JOSEPH HOWARD SHERMAN, CDCR #H-41665, PLAINTIFF,
v.
LARRY SMALL, ET AL. DEFENDANTS.



The opinion of the court was delivered by: Irma E. Gonzalez, Chief Judge United States District Court

ORDER DISMISSING FIRST AMENDED COMPLAINT FOR PURSUANT TO 28 U.S.C. § 1915(e)(2)(B) & 1915A(b) FAILING TO STATE A CLAIM

I. PROCEDURAL HISTORY

On February 4, 2010, Plaintiff, a state inmate currently incarcerated at Calipatria State Prison located in Corcoran, California, and proceeding pro se, filed a civil rights Complaint pursuant to 42 U.S.C. § 1983. The Court granted Plaintiff's Motion to Proceed In Forma Pauperis ("IFP") and simultaneously dismissed his Complaint for failing to state a claim pursuant to 28 U.S.C. §§ 1915(e)(2)(B) & 1915A(b).
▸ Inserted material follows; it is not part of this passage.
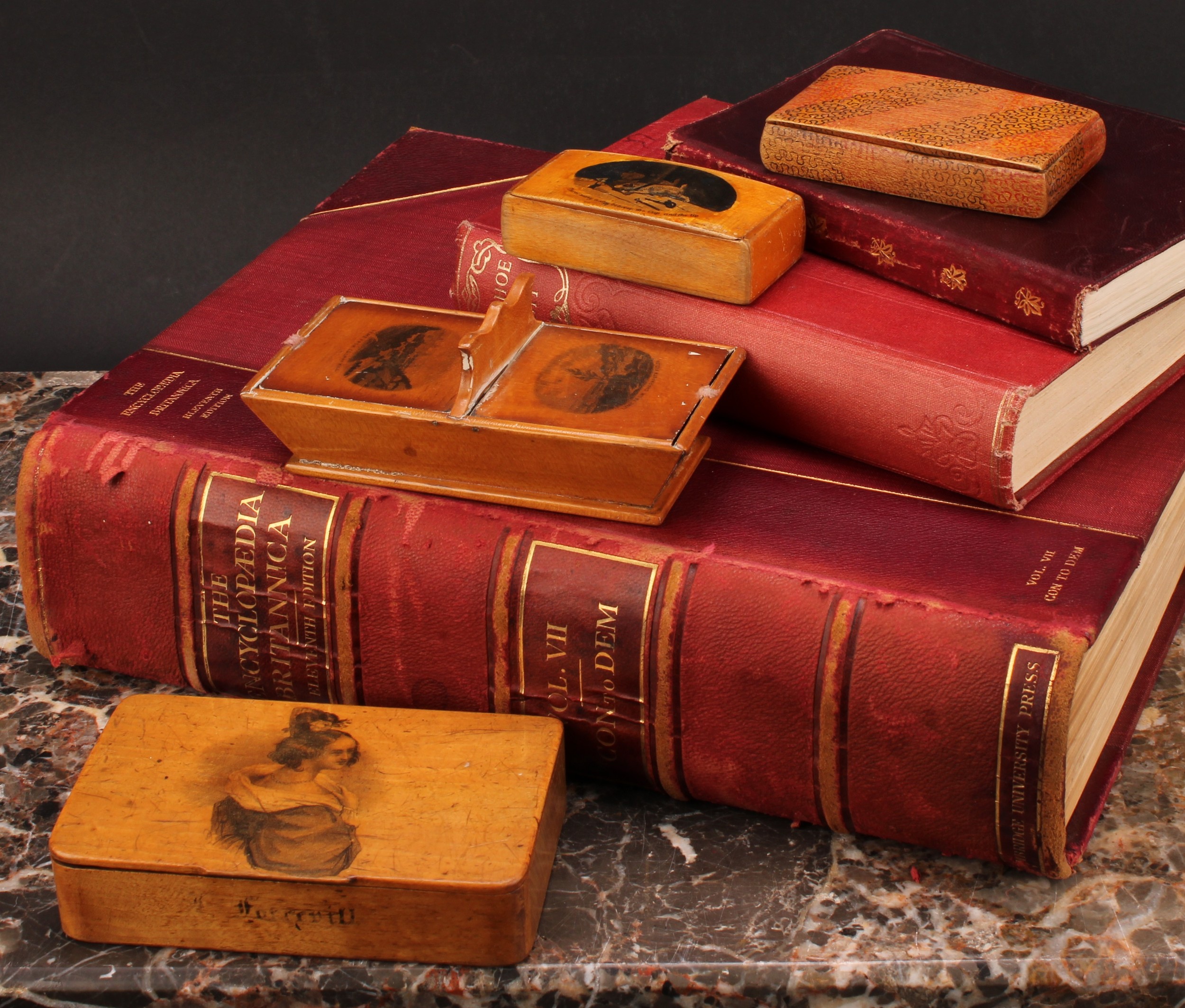 A large 19th century rounded rectangular treen snuff box, probably Scottish, integral hinge, the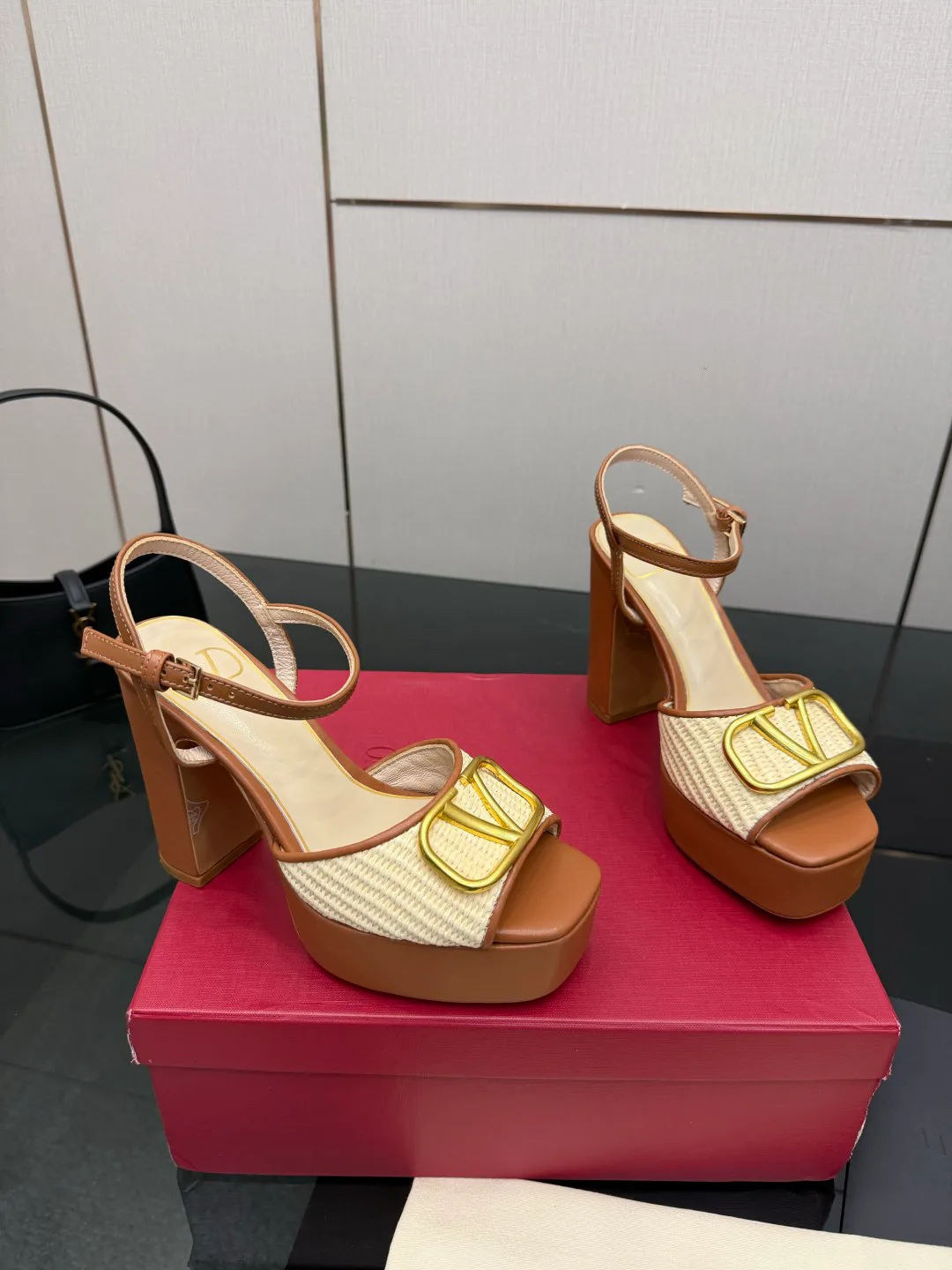 Босоножки Женские Valentino 13241318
See March 19, 2010 Order at 8-9. Plaintiff was granted leave to file an Amended Complaint in order to correct the deficiencies of pleading identified in the Court's Order. Id. at 9. Plaintiff filed an extension of time to file his Amended Complaint which was granted by the Court. See May 12, 2010 Order at 3. On May 13, 2010, Plaintiff filed his First Amended Complaint ("FAC") [Doc. No. 6].

II. SCREENING PURSUANT TO 28U.S.C.§§1915(e)(2)&1915A(b)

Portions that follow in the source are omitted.